**Source data:**
::::

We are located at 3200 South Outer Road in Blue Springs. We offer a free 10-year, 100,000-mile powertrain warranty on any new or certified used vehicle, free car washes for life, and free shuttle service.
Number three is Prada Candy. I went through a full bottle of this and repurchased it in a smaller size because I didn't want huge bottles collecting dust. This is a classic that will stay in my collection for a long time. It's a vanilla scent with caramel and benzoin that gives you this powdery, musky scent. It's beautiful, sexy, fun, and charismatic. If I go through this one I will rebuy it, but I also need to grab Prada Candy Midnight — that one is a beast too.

::::

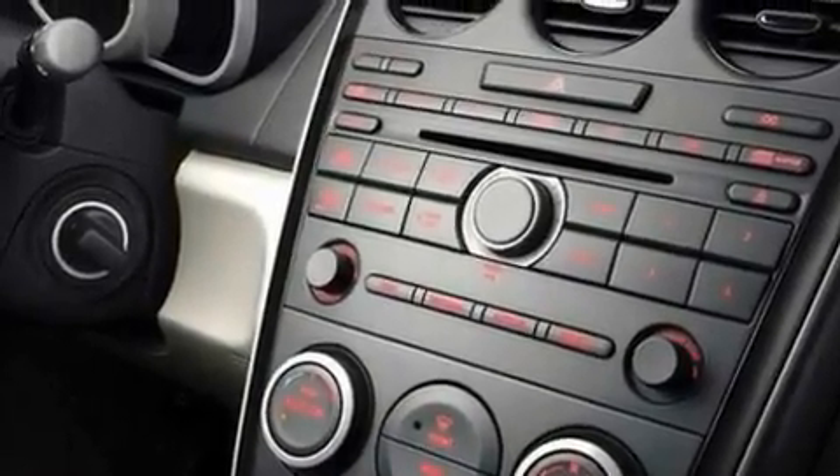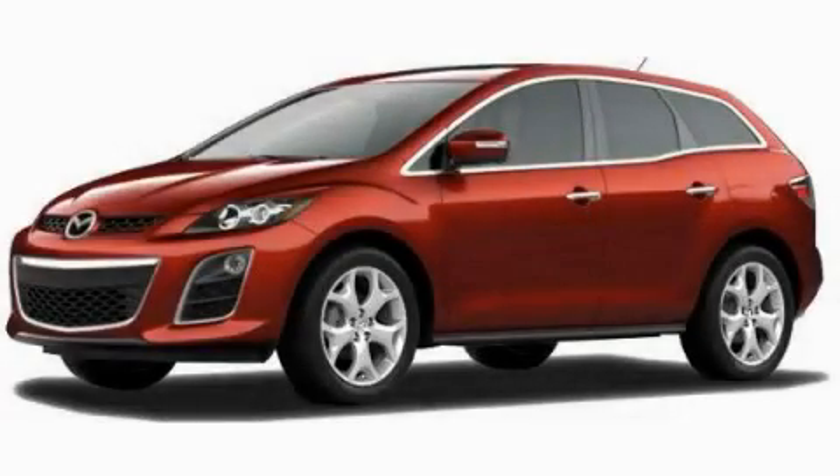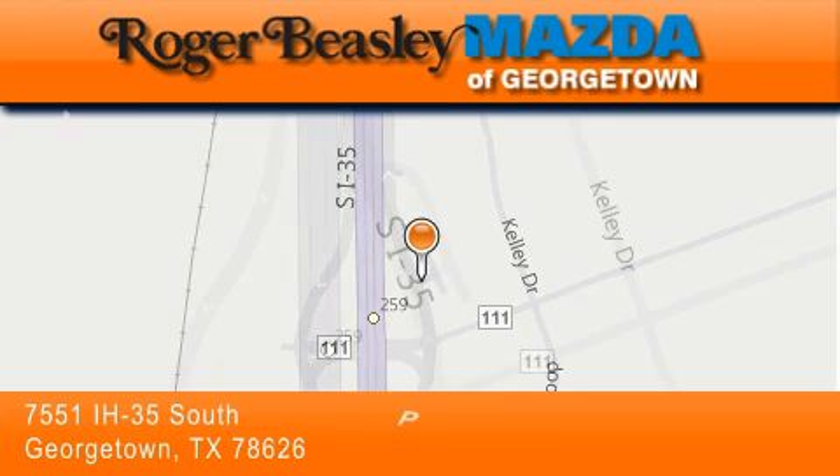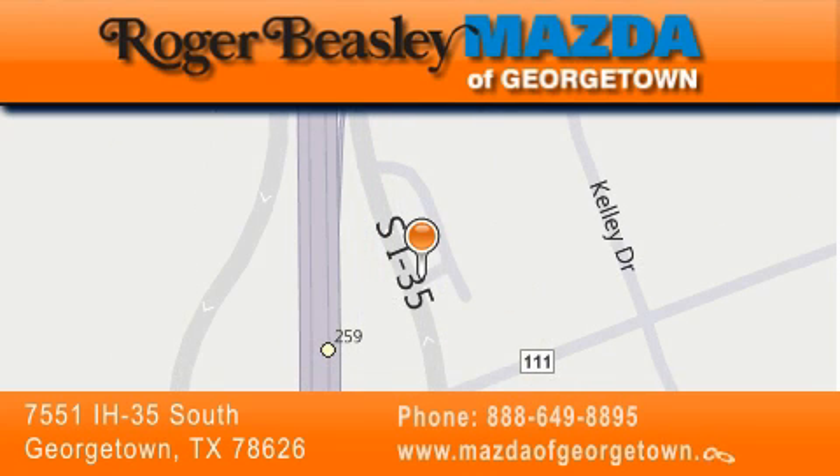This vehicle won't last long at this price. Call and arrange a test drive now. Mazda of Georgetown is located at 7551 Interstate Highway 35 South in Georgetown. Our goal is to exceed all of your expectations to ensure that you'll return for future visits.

::::

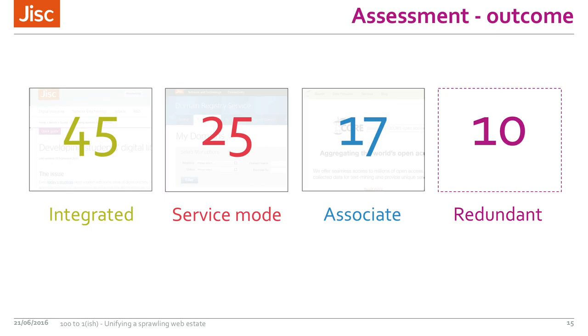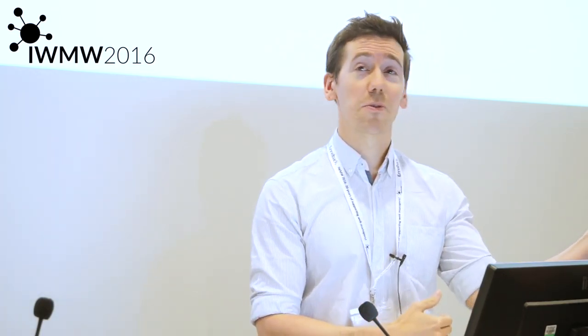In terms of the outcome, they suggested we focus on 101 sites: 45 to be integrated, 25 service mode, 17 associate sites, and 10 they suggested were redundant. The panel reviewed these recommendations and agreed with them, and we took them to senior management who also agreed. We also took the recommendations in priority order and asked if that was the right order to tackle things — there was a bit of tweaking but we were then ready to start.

::::

**Exercise requirements:** The expected answer is an exact copy of the lines above, beginning at the line with "We are located" and ending at the line with "Number three is", with both ends in.

**Result below:**
We are located at 3200 South Outer Road in Blue Springs. We offer a free 10-year, 100,000-mile powertrain warranty on any new or certified used vehicle, free car washes for life, and free shuttle service.
Number three is Prada Candy. I went through a full bottle of this and repurchased it in a smaller size because I didn't want huge bottles collecting dust. This is a classic that will stay in my collection for a long time. It's a vanilla scent with caramel and benzoin that gives you this powdery, musky scent. It's beautiful, sexy, fun, and charismatic. If I go through this one I will rebuy it, but I also need to grab Prada Candy Midnight — that one is a beast too.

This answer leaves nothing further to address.